Why did they demoralize our brave men and women in uniform?

"I had doubts about the bombing campaign from the beginning...I didn't think we had done enough in the diplomatic area."-Senator Trent Lott (R-MS)

"You think Vietnam was bad? Vietnam is nothing next to Kosovo."-Tony Snow, Fox News 3/24/99

"Well, I just think it's a bad idea. What's going to happen is they're going to be over there for 10, 15, maybe 20 years"-Joe Scarborough (R-FL)

"I'm on the Senate Intelligence Committee, so you can trust me and believe me when I say we're running out of cruise missiles. I can't tell you exactly how many we have left, for security reasons, but we're almost out of cruise missiles."-Senator Inhofe (R-OK )
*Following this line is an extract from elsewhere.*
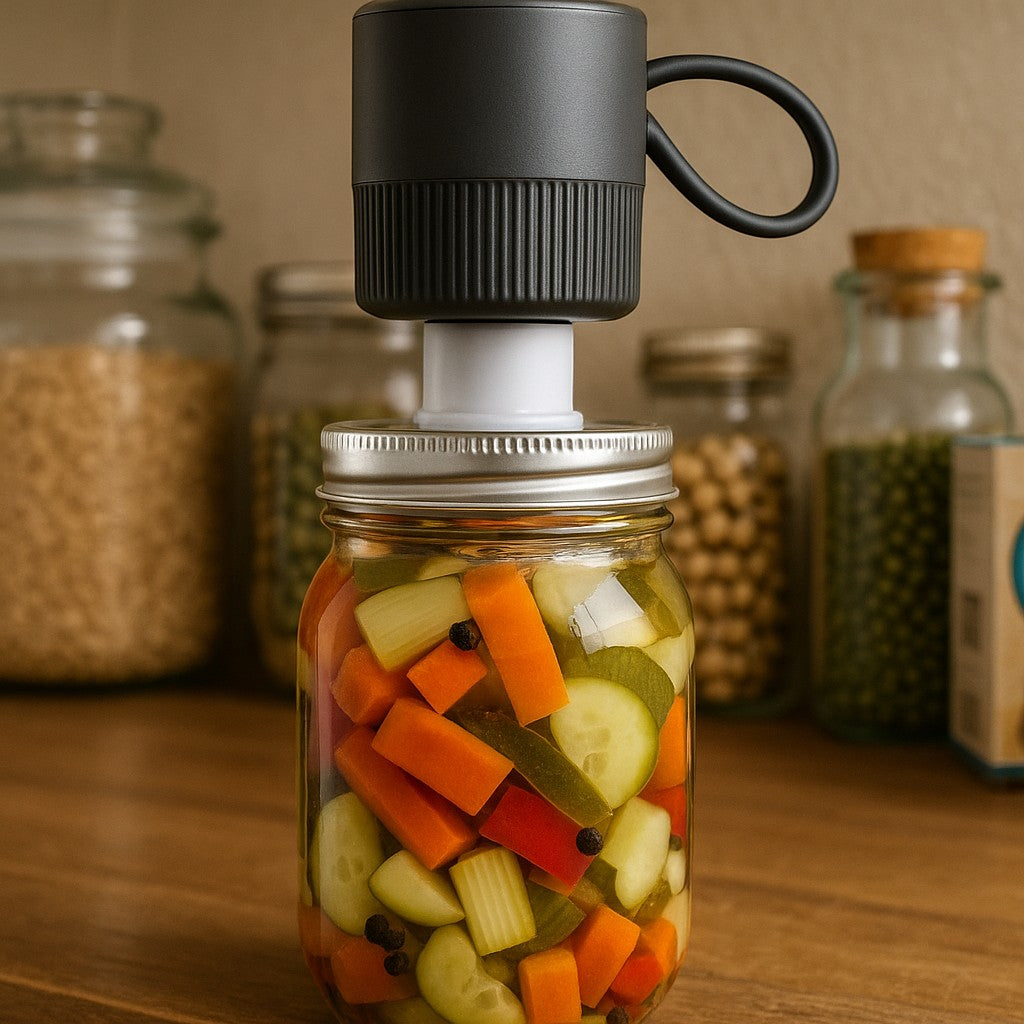 Vacuum sealer pulling air from pickled vegetable jar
"I cannot support a failed foreign policy. History teaches us that it is often easier to make war than peace. This administration is just learning that lesson right now. The President began this mission with very vague objectives and lots of unanswered questions. A month later, these questions are still unanswered. There are no clarifiedrules of engagement.

There is no timetable. There is no legitimate definition of victory. There is no contingency plan for mission creep. There is no clear funding program. There is no agenda to bolster our overextended military. There is no explanation defining what vital national interests are at stake. There was no strategic plan for war when the President started this thing, and there still is no plan today"-Representative Tom Delay (R-TX)
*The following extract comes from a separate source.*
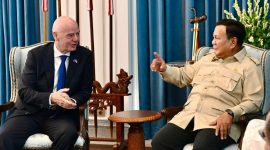 Presiden Prabowo Subianto menerima Presiden Federasi Sepak Bola Internasional (FIFA), Gianni Infantino, di Istana Merdeka, Jakarta, pada Senin, 5 Oktober 2026. Foto: BPMI Setpres/Rusman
"I don't know that Milosevic will ever raise a white flag"-Senator Don Nickles (R-OK)

"Explain to the mothers and fathers of American servicemen that may come home in body bags why their son or daughter have to give up their life?"-Sean Hannity, Fox News, 4/6/99

Why didn't they support our president in a time of war?
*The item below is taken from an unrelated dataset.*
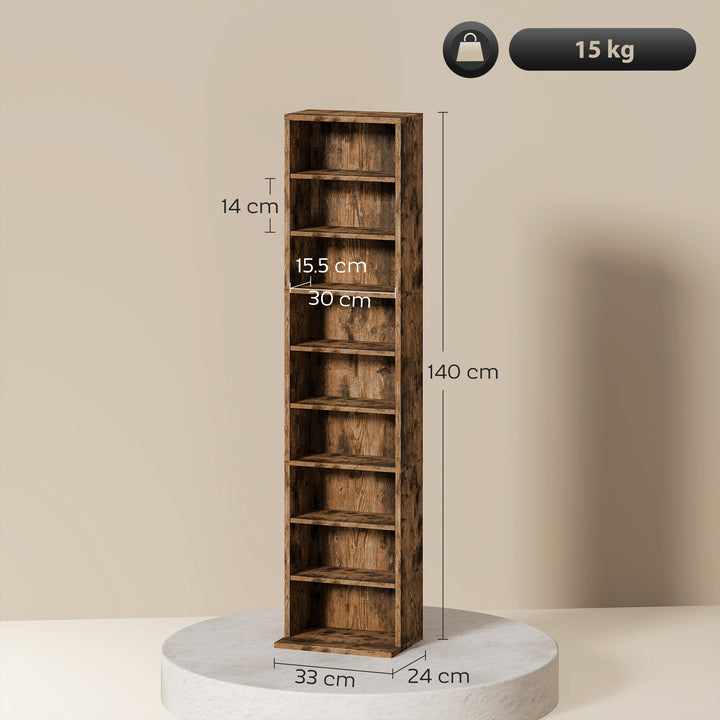 260 Narrow CD Storage Unit - Rustic Brown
"Victory means exit strategy, and it's important for the President to explain to us what the exit strategy is."-Governor George W. Bush (R-TX)

"This is President Clinton's war, and when he falls flat on his face, that's his problem."-Senator Richard Lugar (R-IN)

"The two powers that have ICBMs that can reach the United States are Russia and China. Here we go in. We're taking on not just Milosevic. We can't just say, 'that little guy, we can whip him.' We have these two other powers that have missiles that can reach us, and we have zero defense thanks to this president."-Senator James Inhofe (R-OK)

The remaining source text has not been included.